Se esté donde se esté, todo es difícil. Nunca pensamos que nos tocaría vivir lo que estamos atravesando. Pero la verdad es que las consecuencias de lo que pasó en septiembre y en los primeros días del actual mes nos acompañarán durante muchos años. Sobre todo porque, repito, más allá de las palabras están los hechos y éstos son que –independientemente de los deseos o preferencias individuales– en 2018, México, Canadá y Estados Unidos firmaron un tratado que se conoce como TMEC. Los hechos son que en este tratado están consolidadas y garantizadas determinadas libertades empresariales. Los hechos también son que los tres gobiernos se comprometieron por igual a crear las condiciones necesarias para que existiera una libre competencia en todas las actividades económicas incluidas. Que yo sepa, en ningún momento México introdujo una cláusula de salvaguarda explicando que participaría en todo menos en el tema energético. Nunca mencionó que se reservaba el derecho de manejar y regular la energía como quisiera y con independencia de lo que dijeran los otros dos miembros del tratado.

Los cambios y reformas propuestas al sector eléctrico son otro hito de ese septiembre negro que termina y de este octubre de incertidumbre que inicia. No solamente porque con los cambios y reformas se está atacando a las inversiones ya realizadas, sino porque, visto con perspectiva, son modificaciones de ley que sólo hubieran funcionado antes, en la época previa a que los mercados estuvieran globalizados. Antes de las unificaciones energéticas, de la búsqueda de energías renovables y del descubrimiento de la crisis climática y de su combate. Si la reforma se aprueba –que tengo pocas dudas de que lo harán–, eso significará la ruptura del TMEC, pero, sobre todo, será un punto y aparte definitivo. De aprobarse se confirmará que, en temas energéticos –como también lo ha hecho en otros temas–, México tomó la decisión de dar un salto hacia atrás. Un salto que lo haría reencontrarse y abrazar la época en la que Adolfo López Mateos era el presidente del país.

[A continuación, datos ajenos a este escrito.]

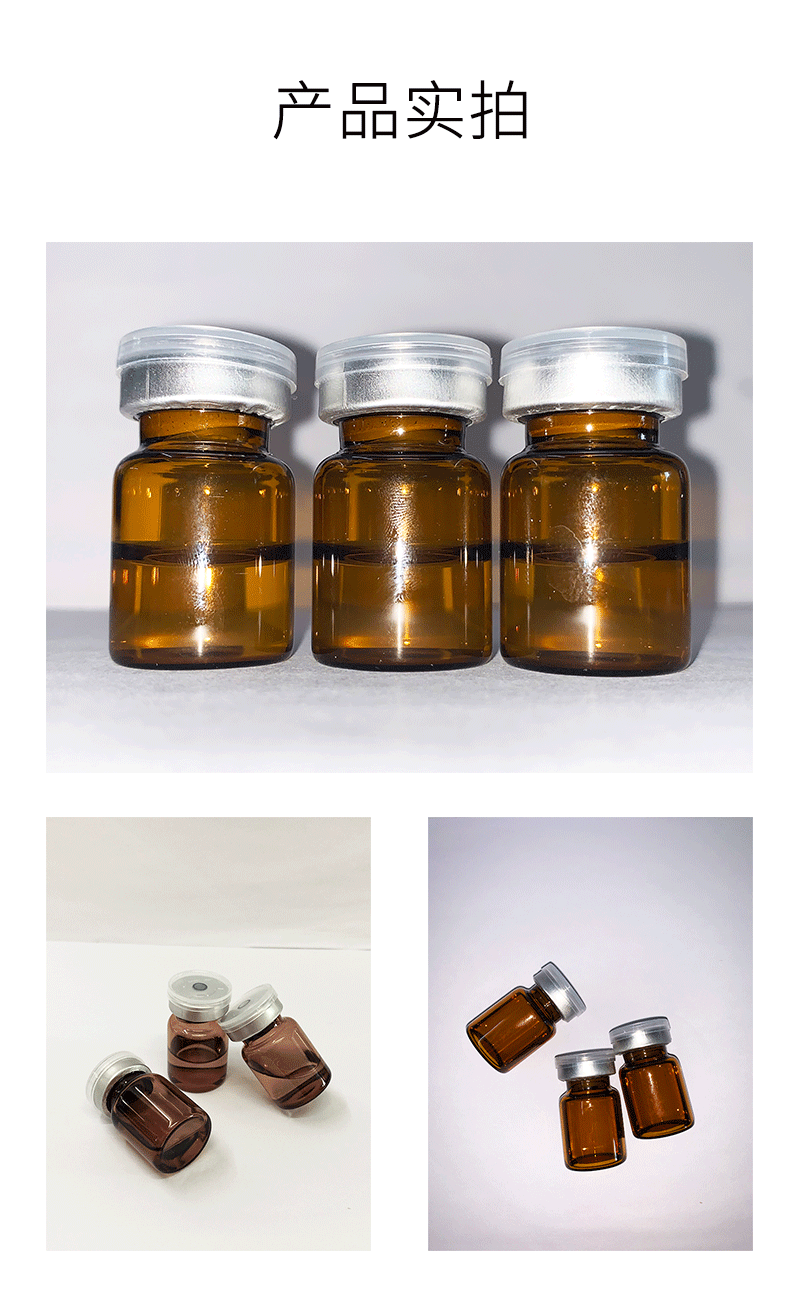 乐山市_V提拉 ST嫒美提 OEM定制加工贴牌 面部精雕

Pareciera como si todos los avances comerciales, tecnológicos e incluso sociales nunca hubieran llegado a México. Estamos en un punto en el que la lucha contra la corrupción, la impunidad y el derecho sacrosanto a la soberanía dada a una persona por 30 millones de votos –que no deja de ser un hecho histórico– permite no sólo reescribir la historia, sino también negar la realidad. Es como si se estuviera partiendo de cero y como si lo que pasó ayer nunca hubiera existido. Veremos si la historia también califica el septiembre que acaba de pasar como un mes negro. A mí me parece que ahora sí ya hemos roto una serie de amarras que nos sitúan en medio de un océano bajo la tormenta perfecta. Quiero equivocarme. Ojalá me equivoque.